1½ lbs turkey tenderloin filets
¼ c mirin
¼ c soy sauce
2 tbsp sesame oil
2 garlic cloves, finely chopped
2 qter-size slices fresh ginger, finely chopped
6-inch bamboo skewers
Canola oil, for the grilling meat
2 tbsp rice wine vinegar
2 tbsp dry white wine
½ small shallot, finely diced
2 shiso leaves, chopped or 1¼ tsp shiso powder, divided
1 tbsp cold water
3 large egg yolks
¾ c unsalted butter, room temperature
1 tsp kosher salt
¼ tsp togarashi pepper
½ lime Juice of
Prepare Turkey: Cut the turkey across the grain into 1/4-inch-thick slices. Combine the mirin, soy, sesame oil, garlic and ginger in a small bowl. Toss the meat in the marinade and let the turkey marinate at room temperature for 30 minutes or refrigerate for up to 1 hour. Alternatively, use an instant marinator.
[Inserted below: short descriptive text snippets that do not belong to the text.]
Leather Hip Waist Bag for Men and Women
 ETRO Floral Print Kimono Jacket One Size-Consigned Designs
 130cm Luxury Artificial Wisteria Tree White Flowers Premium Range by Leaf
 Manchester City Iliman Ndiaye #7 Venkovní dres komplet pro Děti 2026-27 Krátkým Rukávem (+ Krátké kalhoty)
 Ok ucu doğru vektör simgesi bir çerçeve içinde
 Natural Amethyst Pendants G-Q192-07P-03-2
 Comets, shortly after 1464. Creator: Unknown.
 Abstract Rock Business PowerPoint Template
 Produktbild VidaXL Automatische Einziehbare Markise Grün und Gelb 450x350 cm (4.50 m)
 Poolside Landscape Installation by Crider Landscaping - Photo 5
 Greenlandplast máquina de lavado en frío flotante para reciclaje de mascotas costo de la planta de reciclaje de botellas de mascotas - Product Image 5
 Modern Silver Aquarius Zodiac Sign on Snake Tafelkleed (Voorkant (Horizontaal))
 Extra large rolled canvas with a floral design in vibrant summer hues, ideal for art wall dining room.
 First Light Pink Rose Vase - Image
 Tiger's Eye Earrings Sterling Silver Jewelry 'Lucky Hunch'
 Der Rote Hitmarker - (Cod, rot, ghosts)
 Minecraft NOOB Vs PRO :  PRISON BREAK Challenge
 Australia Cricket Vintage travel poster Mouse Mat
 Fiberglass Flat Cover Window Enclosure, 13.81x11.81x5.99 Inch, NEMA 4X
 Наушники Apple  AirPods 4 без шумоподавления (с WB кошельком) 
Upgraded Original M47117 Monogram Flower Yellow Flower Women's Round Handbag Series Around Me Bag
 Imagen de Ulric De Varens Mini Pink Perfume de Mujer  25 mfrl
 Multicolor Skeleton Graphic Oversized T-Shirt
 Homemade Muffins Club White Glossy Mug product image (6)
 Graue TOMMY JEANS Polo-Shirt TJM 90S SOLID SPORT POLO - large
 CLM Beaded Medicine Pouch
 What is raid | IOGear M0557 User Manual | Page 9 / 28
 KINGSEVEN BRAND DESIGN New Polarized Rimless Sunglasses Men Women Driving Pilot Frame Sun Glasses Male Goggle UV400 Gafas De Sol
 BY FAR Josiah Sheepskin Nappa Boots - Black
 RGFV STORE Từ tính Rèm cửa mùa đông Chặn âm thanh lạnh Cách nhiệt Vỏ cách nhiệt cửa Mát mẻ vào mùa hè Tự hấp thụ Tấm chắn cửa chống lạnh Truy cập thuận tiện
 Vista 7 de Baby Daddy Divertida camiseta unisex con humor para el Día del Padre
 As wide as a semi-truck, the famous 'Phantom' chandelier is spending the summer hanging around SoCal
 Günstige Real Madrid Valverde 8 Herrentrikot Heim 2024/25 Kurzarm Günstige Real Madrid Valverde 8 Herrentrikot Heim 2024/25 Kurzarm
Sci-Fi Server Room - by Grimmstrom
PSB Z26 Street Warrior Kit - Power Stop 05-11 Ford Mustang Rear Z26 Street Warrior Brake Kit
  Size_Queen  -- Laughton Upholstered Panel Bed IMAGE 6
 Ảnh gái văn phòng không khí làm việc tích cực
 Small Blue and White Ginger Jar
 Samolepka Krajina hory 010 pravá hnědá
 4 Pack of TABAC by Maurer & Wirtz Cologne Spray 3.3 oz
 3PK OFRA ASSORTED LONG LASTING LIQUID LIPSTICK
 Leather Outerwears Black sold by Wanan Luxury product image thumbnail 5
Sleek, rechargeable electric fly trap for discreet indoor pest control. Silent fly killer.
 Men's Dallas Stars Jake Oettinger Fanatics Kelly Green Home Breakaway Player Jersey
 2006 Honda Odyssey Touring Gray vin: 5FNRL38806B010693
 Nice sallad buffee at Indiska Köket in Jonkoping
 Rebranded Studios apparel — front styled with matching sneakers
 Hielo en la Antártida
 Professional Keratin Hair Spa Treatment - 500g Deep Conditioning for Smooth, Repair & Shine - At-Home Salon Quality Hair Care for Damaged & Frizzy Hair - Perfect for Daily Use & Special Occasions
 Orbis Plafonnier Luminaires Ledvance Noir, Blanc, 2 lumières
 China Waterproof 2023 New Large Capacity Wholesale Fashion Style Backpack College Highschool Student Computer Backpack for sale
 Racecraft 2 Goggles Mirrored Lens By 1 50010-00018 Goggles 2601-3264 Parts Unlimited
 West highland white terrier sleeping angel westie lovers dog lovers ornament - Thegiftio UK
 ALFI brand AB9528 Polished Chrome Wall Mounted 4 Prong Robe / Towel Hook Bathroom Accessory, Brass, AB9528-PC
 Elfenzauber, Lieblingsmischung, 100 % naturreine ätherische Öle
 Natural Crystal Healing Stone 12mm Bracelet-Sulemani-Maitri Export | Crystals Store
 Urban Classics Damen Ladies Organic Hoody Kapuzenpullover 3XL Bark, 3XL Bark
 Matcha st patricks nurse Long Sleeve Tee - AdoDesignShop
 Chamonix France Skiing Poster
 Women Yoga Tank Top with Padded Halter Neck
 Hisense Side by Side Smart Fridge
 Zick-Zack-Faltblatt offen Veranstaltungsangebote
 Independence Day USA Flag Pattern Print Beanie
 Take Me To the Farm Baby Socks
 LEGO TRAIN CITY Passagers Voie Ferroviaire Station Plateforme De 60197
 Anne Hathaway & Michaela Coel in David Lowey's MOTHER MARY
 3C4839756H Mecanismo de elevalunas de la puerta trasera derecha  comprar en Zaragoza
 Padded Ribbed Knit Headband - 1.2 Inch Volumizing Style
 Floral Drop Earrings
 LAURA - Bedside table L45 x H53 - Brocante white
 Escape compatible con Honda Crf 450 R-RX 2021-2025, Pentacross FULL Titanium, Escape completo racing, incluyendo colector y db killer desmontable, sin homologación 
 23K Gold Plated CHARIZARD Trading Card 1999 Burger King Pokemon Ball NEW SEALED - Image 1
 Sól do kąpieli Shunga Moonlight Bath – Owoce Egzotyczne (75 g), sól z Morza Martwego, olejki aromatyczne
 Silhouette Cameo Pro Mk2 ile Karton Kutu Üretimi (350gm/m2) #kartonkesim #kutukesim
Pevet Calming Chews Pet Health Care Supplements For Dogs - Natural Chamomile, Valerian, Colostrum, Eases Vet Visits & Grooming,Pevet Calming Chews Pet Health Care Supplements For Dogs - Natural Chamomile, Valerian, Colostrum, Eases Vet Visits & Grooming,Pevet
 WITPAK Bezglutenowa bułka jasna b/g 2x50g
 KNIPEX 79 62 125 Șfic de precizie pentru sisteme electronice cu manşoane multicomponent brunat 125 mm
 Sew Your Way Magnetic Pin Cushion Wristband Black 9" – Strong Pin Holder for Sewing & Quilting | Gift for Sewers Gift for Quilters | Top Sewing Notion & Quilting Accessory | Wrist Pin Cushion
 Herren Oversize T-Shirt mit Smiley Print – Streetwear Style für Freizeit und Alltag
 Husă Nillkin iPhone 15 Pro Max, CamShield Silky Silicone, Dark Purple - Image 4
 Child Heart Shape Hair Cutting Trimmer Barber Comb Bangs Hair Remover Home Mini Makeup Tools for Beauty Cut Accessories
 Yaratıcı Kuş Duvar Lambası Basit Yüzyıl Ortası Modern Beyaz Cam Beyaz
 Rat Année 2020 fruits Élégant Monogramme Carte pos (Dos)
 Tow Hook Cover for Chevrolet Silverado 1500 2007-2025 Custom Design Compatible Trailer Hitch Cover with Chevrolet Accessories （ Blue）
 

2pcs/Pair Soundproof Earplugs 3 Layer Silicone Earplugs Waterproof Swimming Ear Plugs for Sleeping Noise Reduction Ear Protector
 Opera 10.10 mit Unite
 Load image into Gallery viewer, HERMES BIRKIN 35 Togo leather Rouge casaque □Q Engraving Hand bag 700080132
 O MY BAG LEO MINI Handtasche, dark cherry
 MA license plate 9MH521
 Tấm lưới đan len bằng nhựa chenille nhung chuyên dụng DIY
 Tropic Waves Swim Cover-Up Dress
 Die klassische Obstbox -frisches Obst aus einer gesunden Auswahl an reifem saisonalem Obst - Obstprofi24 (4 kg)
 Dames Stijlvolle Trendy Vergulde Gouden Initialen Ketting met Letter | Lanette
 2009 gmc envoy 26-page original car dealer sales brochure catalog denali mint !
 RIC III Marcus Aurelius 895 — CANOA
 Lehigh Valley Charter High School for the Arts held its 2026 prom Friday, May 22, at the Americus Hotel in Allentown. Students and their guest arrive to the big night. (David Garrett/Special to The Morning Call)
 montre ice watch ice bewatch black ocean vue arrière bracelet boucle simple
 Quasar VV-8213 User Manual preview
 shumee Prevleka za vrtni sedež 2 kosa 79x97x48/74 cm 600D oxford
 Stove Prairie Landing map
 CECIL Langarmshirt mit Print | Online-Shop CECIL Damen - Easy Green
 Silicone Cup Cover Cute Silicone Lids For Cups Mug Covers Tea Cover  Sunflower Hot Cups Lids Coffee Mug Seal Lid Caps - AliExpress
Grill Meat: Heat a ridged grill pan on high heat. Brush the grill with canola oil. Arrange the sliced turkey on the grill turning once-until nicely browned all over, 5 minutes. Transfer the turkey onto a sheet pan in a single layer. Skewer the turkey onto a bamboo skewer and place onto a sheet pan. Cover with foil until ready to serve.
Make Reduction: In a small sauce pan combine the vinegar, wine, shallot and 1 chopped shiso leaf (or 1 teaspoon of the shiso powder). Vigorously simmer over medium high heat until reduced to just about 1 teaspoon, about 3-4 minutes. Remove from the heat and strain through a fine mesh strainer into a medium metal bowl. Add the cold water and egg yolks to the reduction then whisk until well combined. Rinse out the sauce pan and fill it with about 2 inches of water. Return pan to medium heat and bring up to a simmer then turn heat to lowest setting possible.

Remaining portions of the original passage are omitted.